Costa Rica has passed a new bill on mental health that derives from on an old mental health treatment paradigm, based on medication and nonconsensual inpatient treatment. This approach has proved ineffective around the globe, as pointed out by many different stakeholders, including the World Health Organization (WHO) and the United Nations Committee on the Rights of Persons with Disabilities. Mental health policies across the world are moving away from the outdated biomedical model, and the UN Committee advised that Costa Rica review its mental health policies. There needs to be a shift toward a human rights-based model instead, which would include informed consent. Costa Rica should start by revising this worrisome legislation.
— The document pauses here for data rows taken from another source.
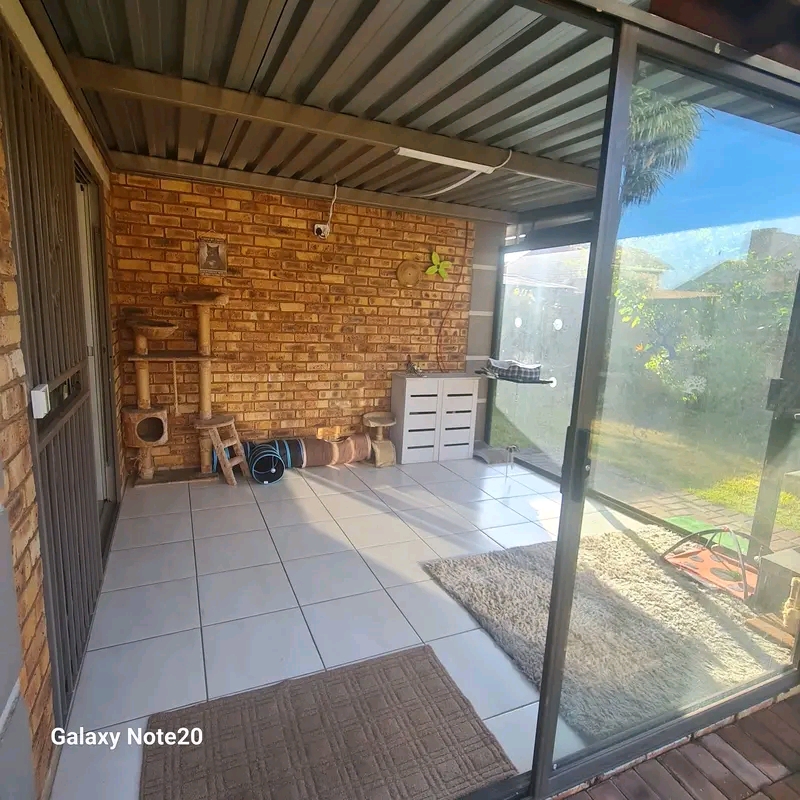 Stylish house is up for rental 1 september202  in Benoni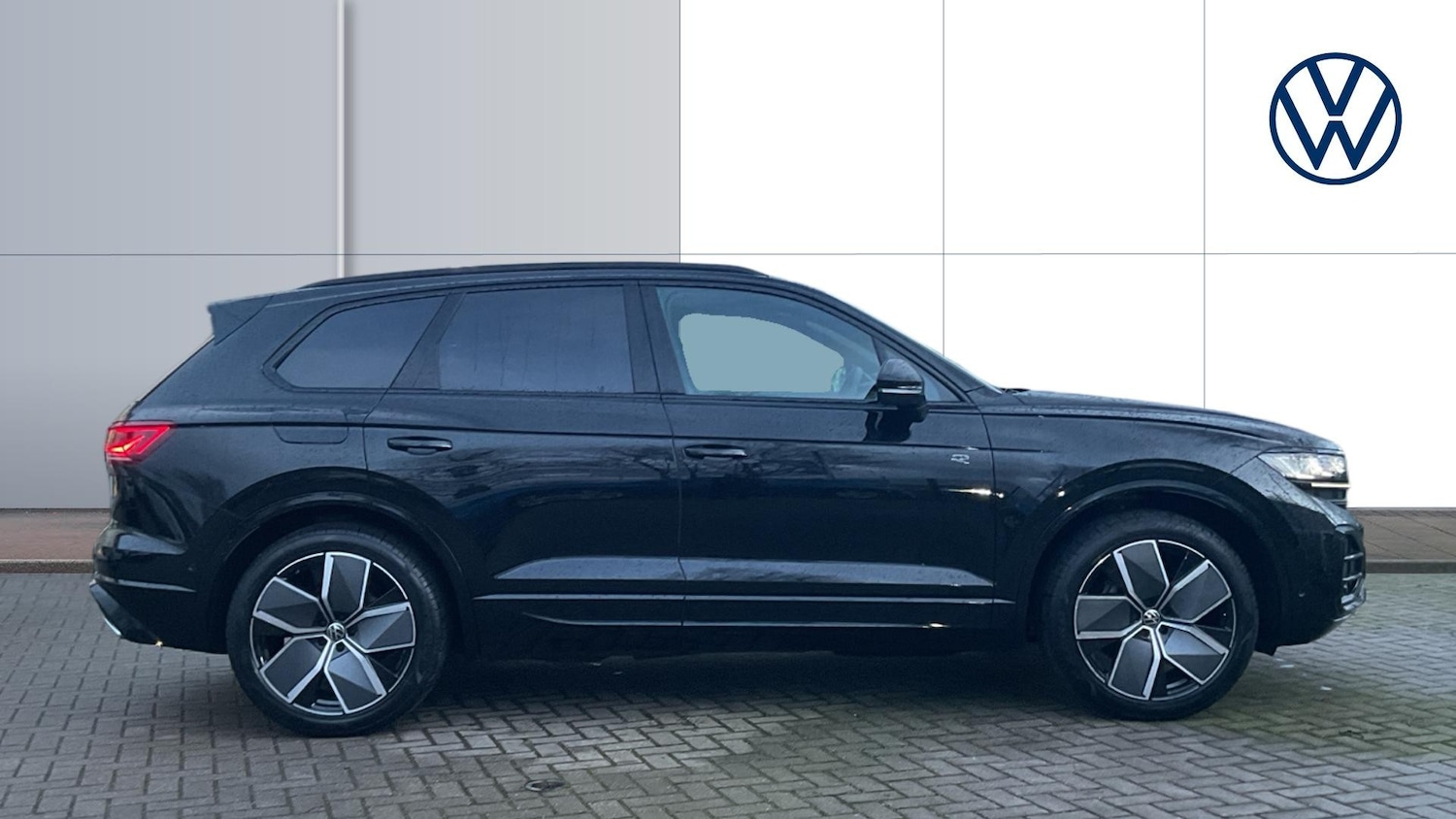 Used Volkswagen Touareg 2025 for sale - 77567333: Photo 4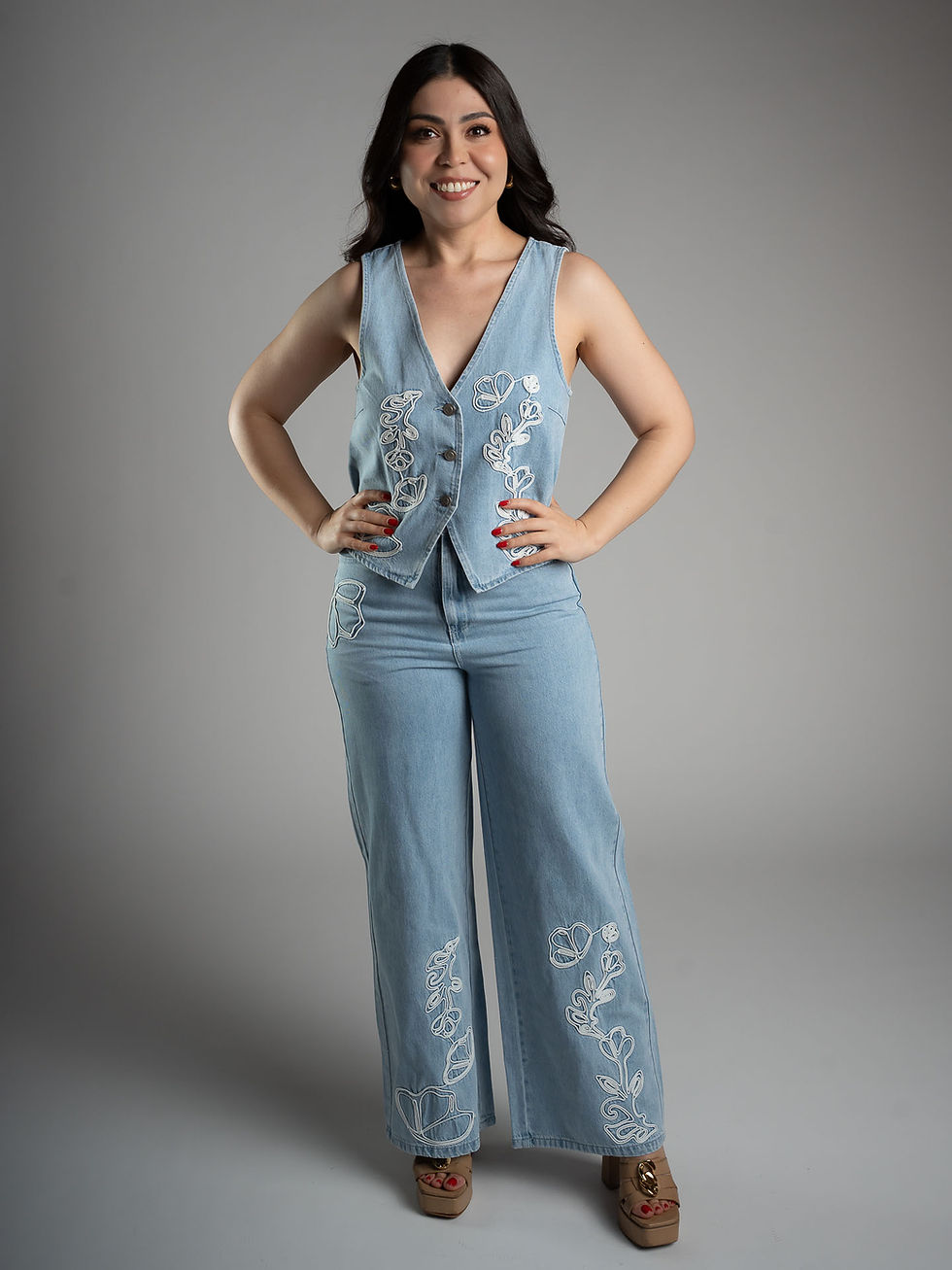 Miniatura: Set Bordado con Pantalón Mezclilla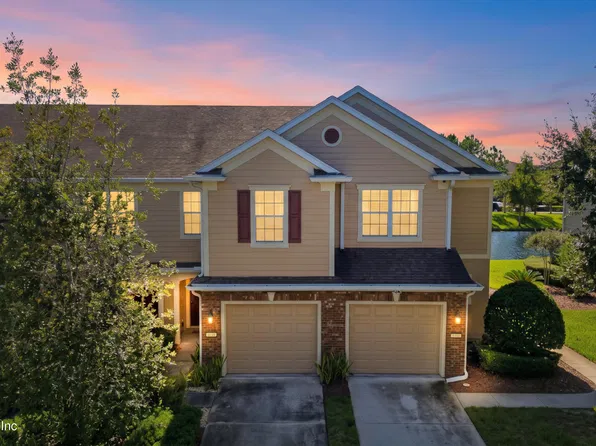 6910 ROUNDLEAF Drive, Jacksonville, FL 32258
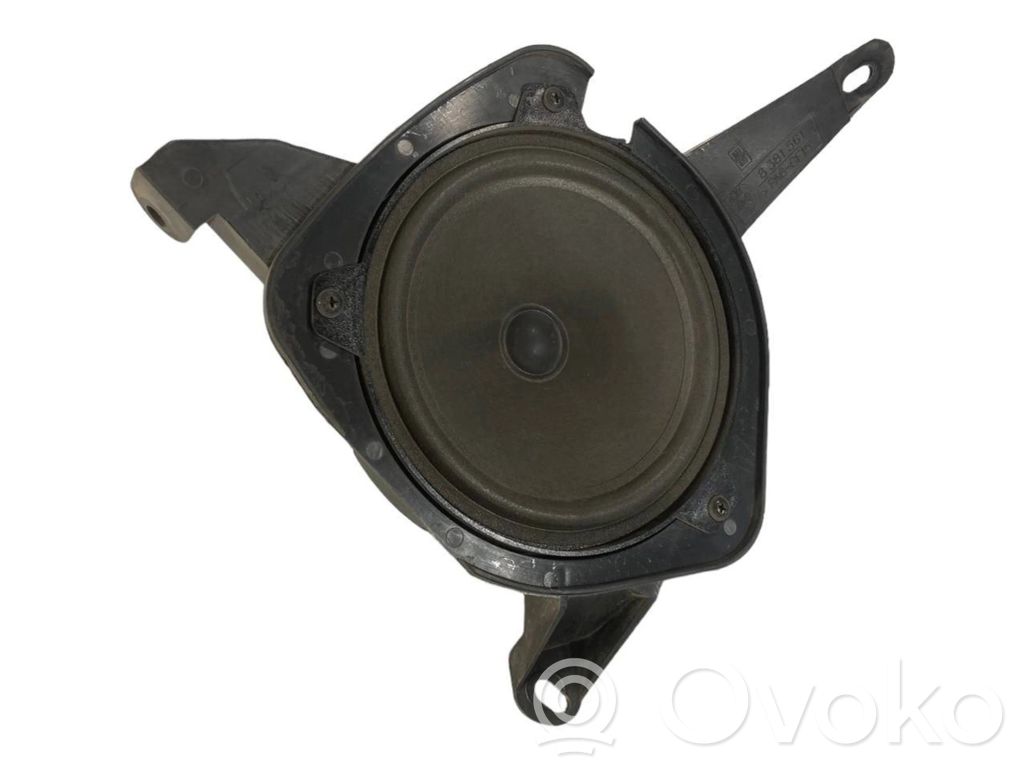 Speaker(s) in front door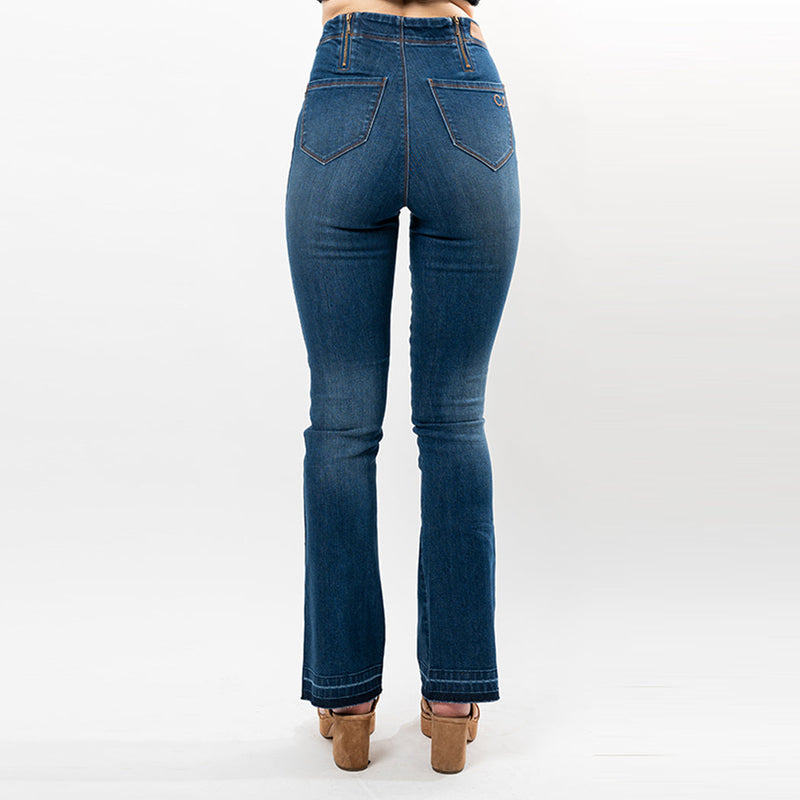 This trendy bootcut is made to enhance your curves and enlongate your legs giving you the look of a more stylized figure no matter what size. With just the right amount of flare to achieve a chic look whether you wear it with heels or flats. Made in two gorgeus washes, with an undone hem that creates a beautiful ombre effect, this Convi is a must have!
For three years, hundreds of thousands of Lebanese and Syrian students have not been able to go to school, despite international donors giving more than $1.12 billion for education programs in Lebanon over the last five years. Indeed, since October 2019, schools have been largely closed following protests against government corruption, the Beirut port explosion, the Covid-19 pandemic, rising xenophobia, and teachers’ strikes. This results in a staggering 80 percent of Syrian girls and women aged 15-24 not receiving any form of education, training, or employment.  In the schools, “there is no electricity, there is no internet, there is no money,” one principal said. At the annual humanitarian conference for Syria and countries hosting Syrian refugees, gathering in Brussels next week, donors should press Lebanon to change policies that prevent aid from reaching schools and students. It's time to stop this worsening education disaster, and with Lebanon’s economic collapse, foreign funding for education is more important than ever.